_Aim of the task_:
The lines to retype run from the one containing "Slow Tortoise Belated" through the end of the listing below. Reproduce them exactly, leaving out pictures.

_Provided records_:
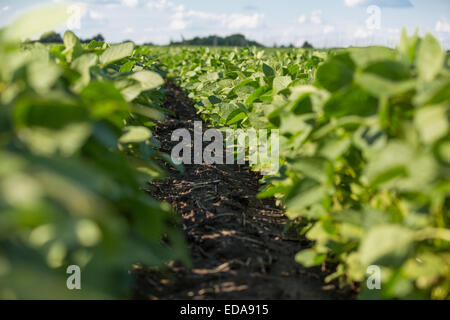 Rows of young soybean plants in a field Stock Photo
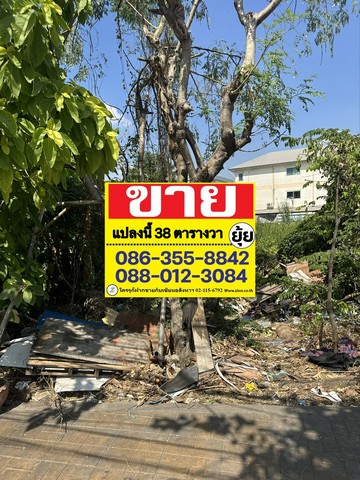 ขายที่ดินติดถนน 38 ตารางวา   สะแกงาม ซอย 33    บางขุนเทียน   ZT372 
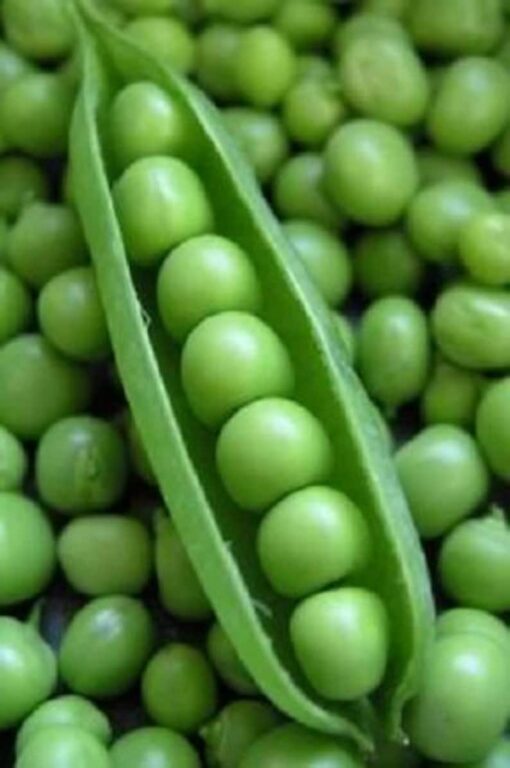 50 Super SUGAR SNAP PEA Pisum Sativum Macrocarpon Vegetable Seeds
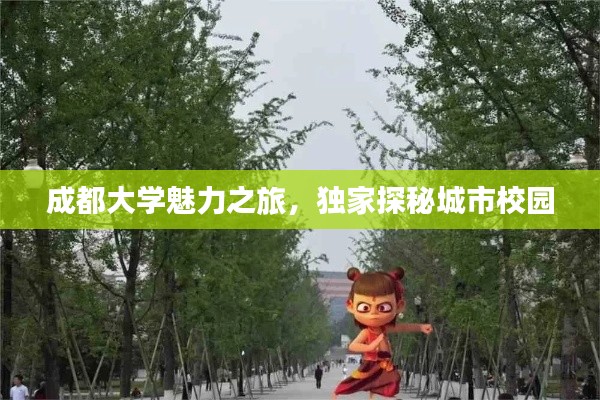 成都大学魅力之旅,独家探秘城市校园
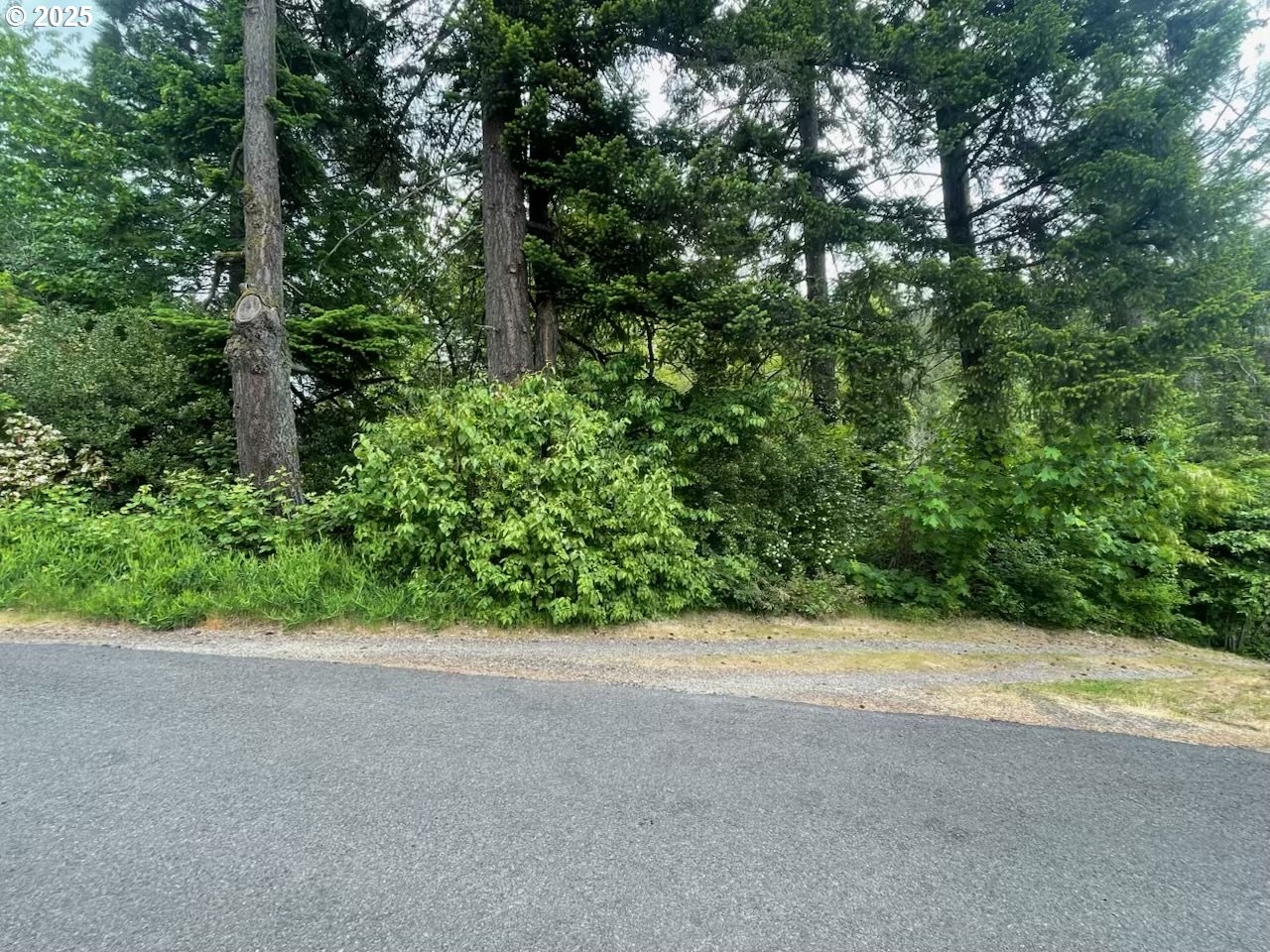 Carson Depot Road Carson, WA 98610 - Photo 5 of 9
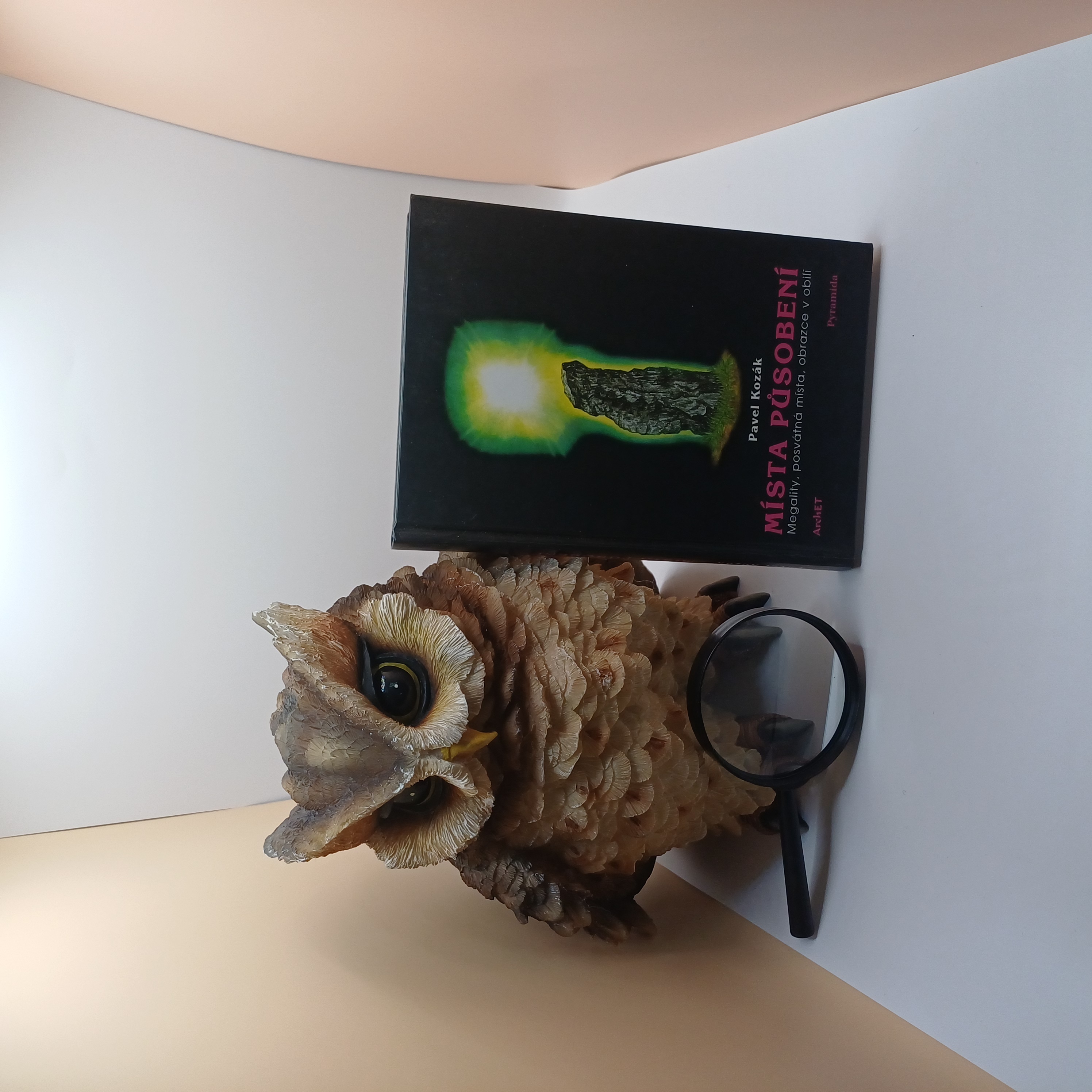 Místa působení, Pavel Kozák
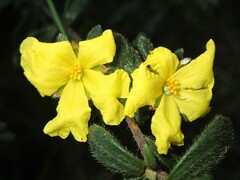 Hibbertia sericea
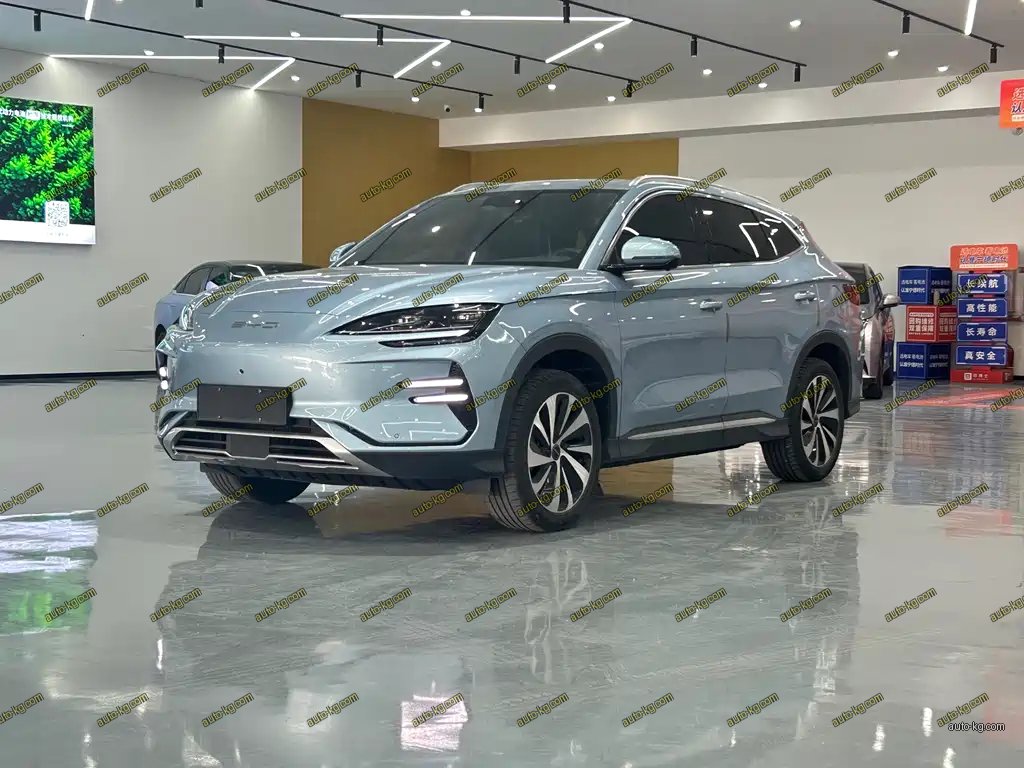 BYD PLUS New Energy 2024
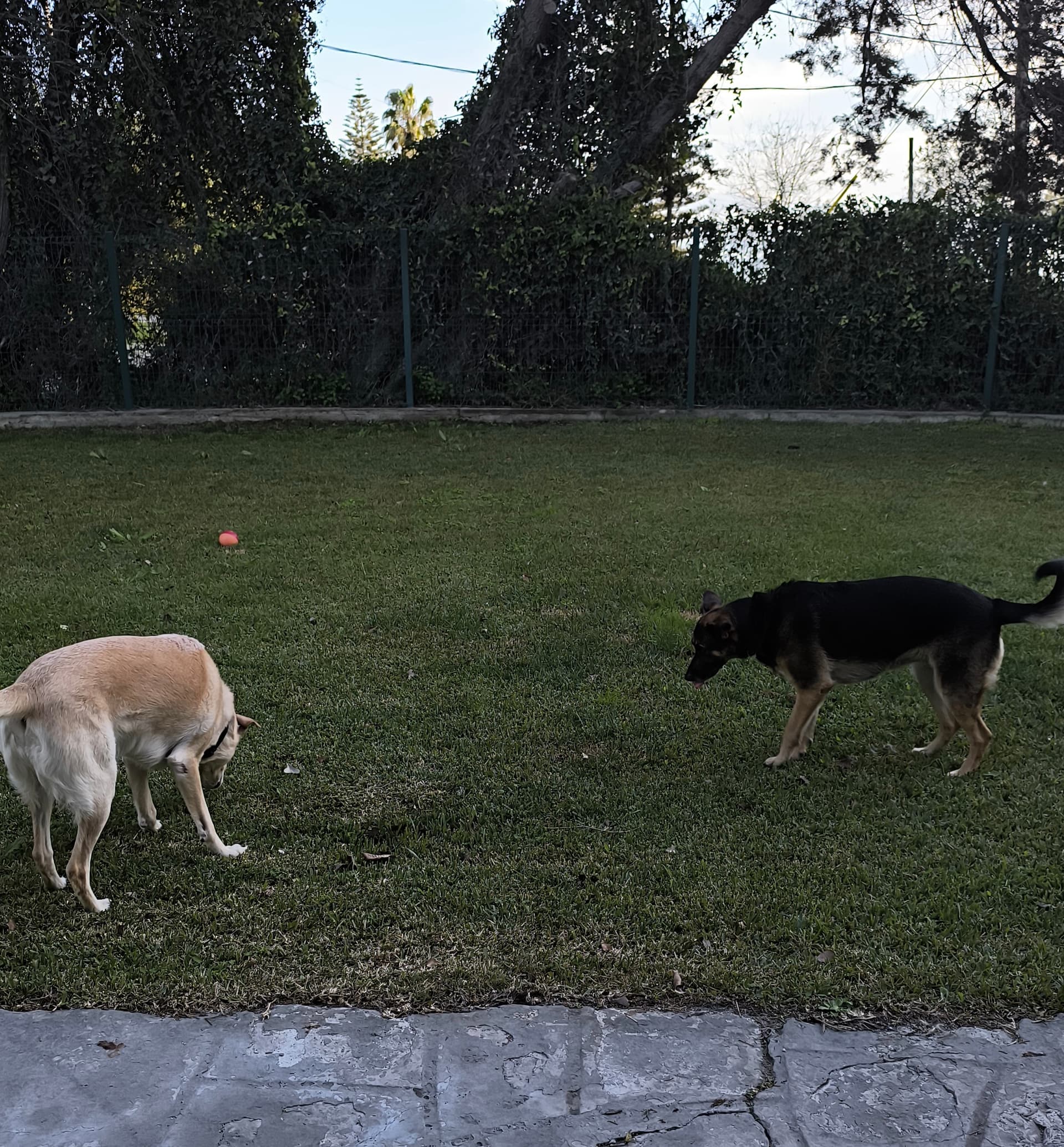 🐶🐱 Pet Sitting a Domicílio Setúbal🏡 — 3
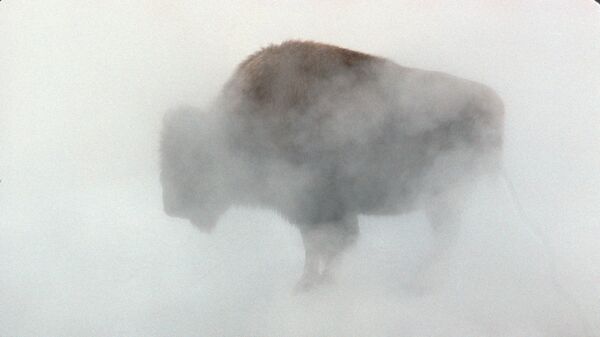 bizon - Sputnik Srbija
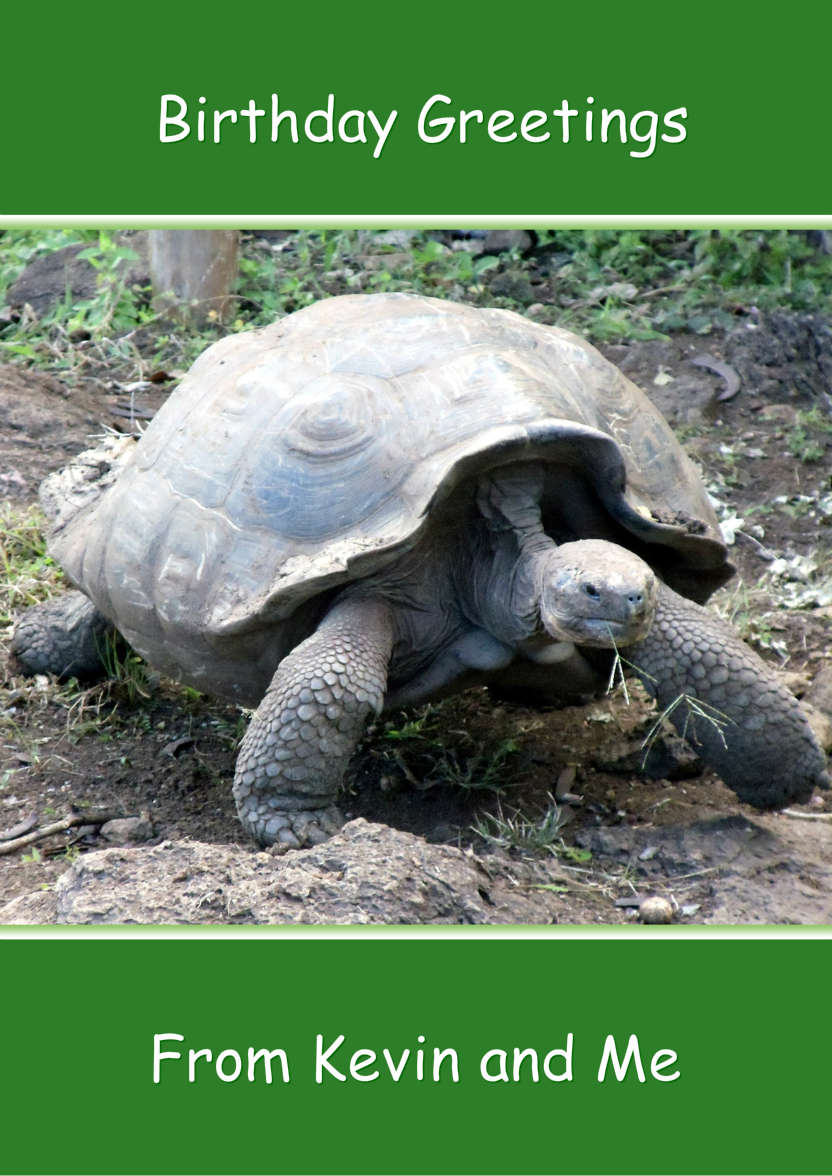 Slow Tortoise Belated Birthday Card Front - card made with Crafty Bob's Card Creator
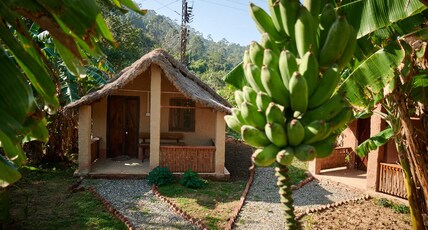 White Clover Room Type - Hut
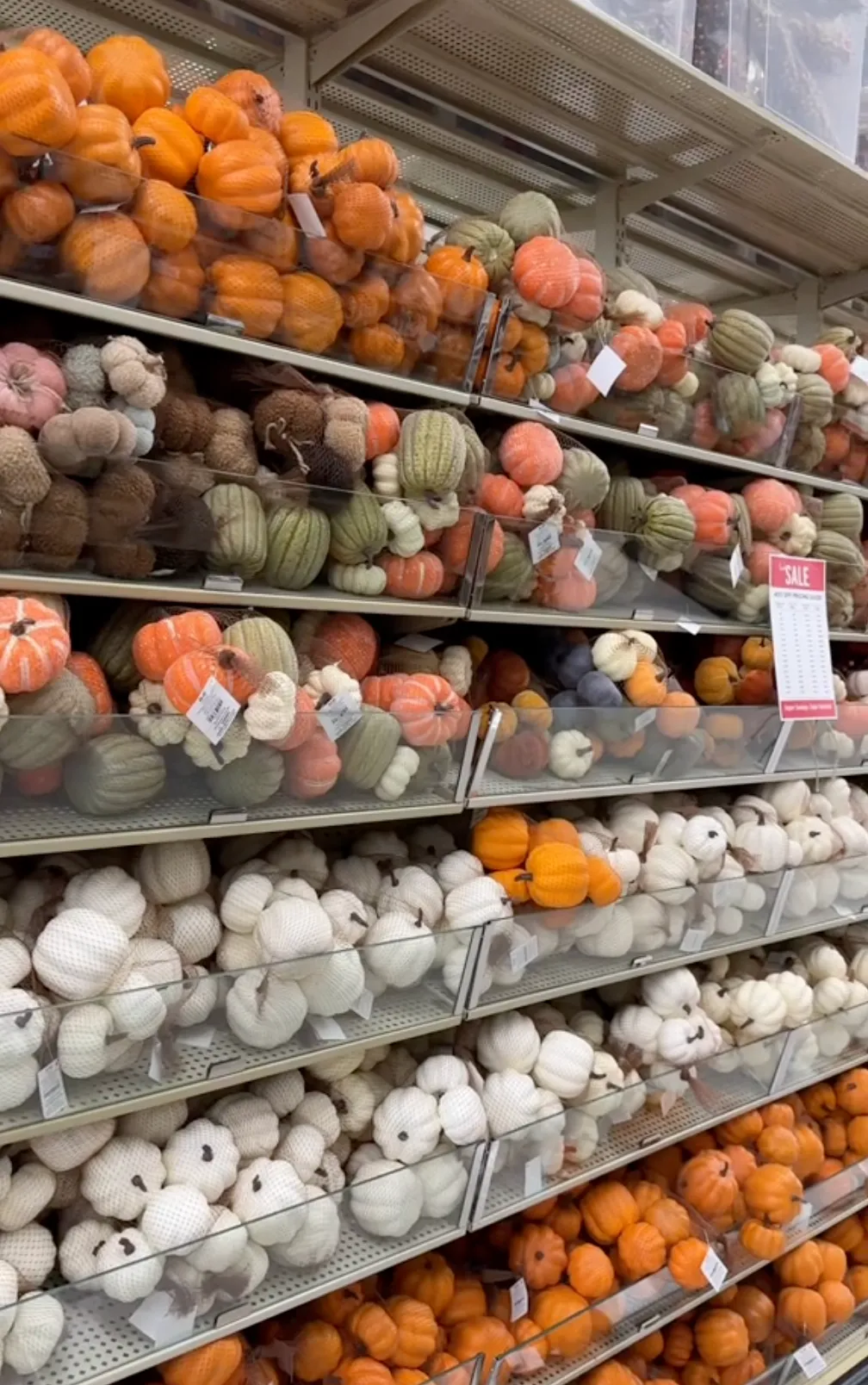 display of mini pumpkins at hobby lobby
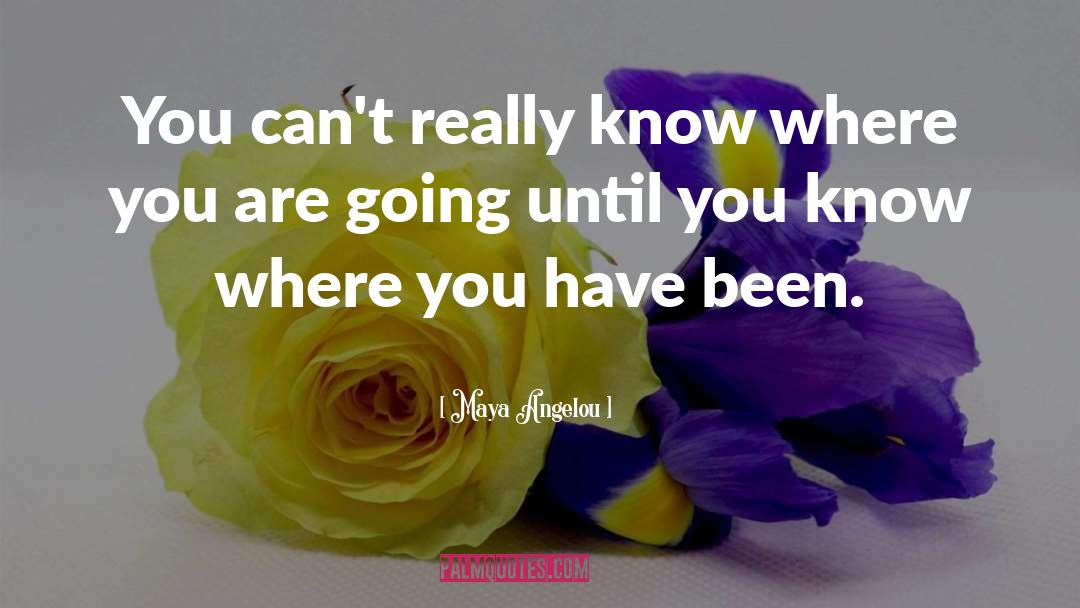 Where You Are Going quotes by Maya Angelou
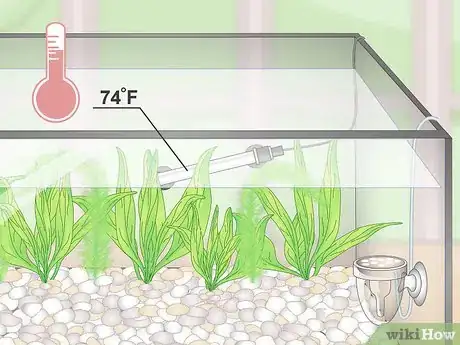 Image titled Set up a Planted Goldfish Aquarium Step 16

_Exercise answer_:
 Slow Tortoise Belated Birthday Card Front - card made with Crafty Bob's Card Creator
 White Clover Room Type - Hut
 display of mini pumpkins at hobby lobby
 Where You Are Going quotes by Maya Angelou
 Image titled Set up a Planted Goldfish Aquarium Step 16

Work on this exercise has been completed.